The goal of Chapter 3 was to characterize how the tardigrade proteome responds to cold exposure, as well as to discover and functionally verify candidate proteins that help tardigrades perturb freeze damage—especially novel candidate ice-binding proteins. Here, I used comparative proteomics to broadly determine how the protein repertoire shifts in H. exemplaris due to ecologically relevant cold conditions. Cohorts of 1000+ adult tardigrades were exposed to a cold treatment down to -10°C (or a control treatment of 20°C), and proteins were extracted from whole-animals via optimized sample preparation methods for data-independent acquisition mass spectrometry (DIA-MS). In a parallel set of samples, I performed a specialized ice-affinity purification method (IAP) and DIA-MS to enrich for and identify proteins that bind to ice. I predicted that tardigrades utilize a wide range of biochemical mechanisms related to cold tolerance, as seen in insects, as well as IBPs or other cold tolerance proteins that are unique to the phylum, with novel structures or functions. Gene ontology (GO) enrichment analysis of proteins are significantly more abundant after cold illustrated changes in neuron and neuromuscular function, calcium ion balance, cell division processes (such as apoptosis), and glucose metabolism. GO enrichment of proteins less abundant after cold treatment suggested changes in lipid metabolism, cuticle production, development, and redox. Ice-affinity purification and a bioinformatics pipeline identified a ranked list of novel candidate ice-binding proteins that tardigrades may utilize to survive freezing. This study is the first comparative proteomics study exploring the impacts of cold stress, in any eukaryotic animal, and results provide a framework for what molecular mechanisms tardigrades may use to survive cold.

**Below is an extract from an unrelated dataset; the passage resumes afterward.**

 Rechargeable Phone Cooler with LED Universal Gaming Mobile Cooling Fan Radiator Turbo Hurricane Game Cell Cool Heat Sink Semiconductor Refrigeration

This dissertation fills a gap in knowledge about the fundamental physiology and molecular mechanisms that an especially cold-hardy microscopic organism (tardigrades, specifically Hypsibius exemplaris) uses to survive subzero temperatures. Development of new phenotypic assays allowed for the rigorous characterization of the plasticity of tardigrade survival and chill coma, in response to time, temperature, and their interaction. Despite tardigrades’ reputation for being virtually indestructible, I determined numerous time and temperature-dependent conditions that result in increased mortality and reduced performance (CCRT), that may impact tardigrade ecology and winter-time behavior. Interestingly, I also determined that tardigrade’s survival to environmental freezing improves drastically when animals are exposed to ice-nucleating microbes, which may be found in their natural environments. Finally, I determined a number of molecular mechanisms that may underlie cold tolerance in tardigrades, as illustrated by the first-ever comparative proteomics study of any animal in response to cold, along with generating a ranked list of novel, tardigrade-specific candidate ice-binding proteins. Overall, I hope that the tools and findings of this work will help establish tardigrades as an increasingly important and tractable model system, in the field of comparative physiology and beyond.